Take the case of Archbishop of Canterbury Dr Rowan Williams’ interview with Wim Houtman, religion editor of Nederlands Dagblad (http://www.fulcrum-anglican.org.uk/page.cfm?ID=337). After it first appeared on 19 August 2006, the Anglican leader’s further remarks on the ‘gay row’ became yet more argued-over ballast in a vitriolic rhetorical war between those who wish for the full inclusion of lesbian and gay persons in the church, and those who would view that as a betrayal of the church’s scriptural and traditional teaching.

At the time most seemed to agree on one thing, however. They thought that this interview indicated a significant shift in Dr Williams’ position – away from his previous personal conviction that a change in the church’s inherited stance against homosexuality would be theologically and pastorally appropriate. Quite clearly, however, it did not. What the Archbishop actually said is what he has been saying for a number of years: “I have to guard the faith and teaching of the Church.

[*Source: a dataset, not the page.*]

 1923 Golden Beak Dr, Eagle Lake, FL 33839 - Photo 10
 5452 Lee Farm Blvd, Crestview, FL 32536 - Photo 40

My personal ideas and questions have to take second place.” This may be questionable, but it is not new.

He remarked that his now-famous lecture ‘The Body’s Grace’, given at an event organised by the Lesbian and Gay Christian Movement, was received warmly by a few and critically by many. And he had the humility to acknowledge that a number of criticisms of the text were appropriate. He is, after all, a person with the kind of intellectual temperament that is always inclined to revise, qualify and enter renewed caveats. But he specifically declined the opportunity to modify, change or develop his personal approach to the question at the heart of current ructions in the worldwide Anglican Communion, declaring instead: “What I am saying now is, let us talk this through.”

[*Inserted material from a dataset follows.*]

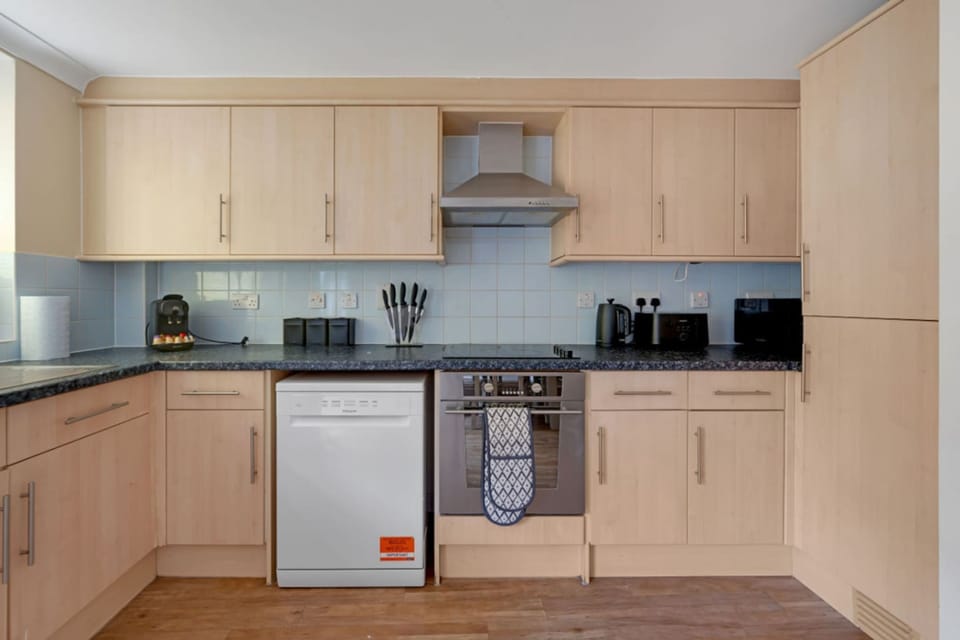 House | 4 bedrooms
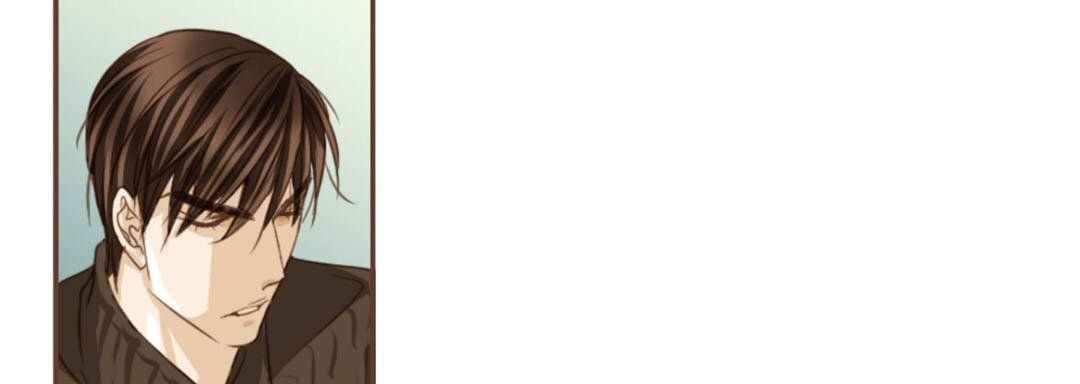 Read His House chapter 6 image 24 on Lezhin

Diversity, disagreement and grace

Much of the rest of the interview, now somewhat buried in history, but still significant, was concerned with how Christian people might learn to handle their differences better and in a way shaped by the loving, gracious and patient nature of the Gospel of Christ. He also noted that this will take some time, given current obstacles on all sides, the intractability of much extant opinion, and the political challenges inherent in matters of church relations and structure.

Dr Williams made a further pertinent point about ‘inclusivity’ which lead his interviewer to conclude (wrongly, if you read what the Archbishop actually said) that he was offering, in Houtman’s words, “a rebuke [to] those who argue it is high time the Church accepted gay relationships.” Actually his comment – if it is to be read as a rebuke of any kind – was surely an invitation to all involved in the present argument to reconsider their attitudes to others.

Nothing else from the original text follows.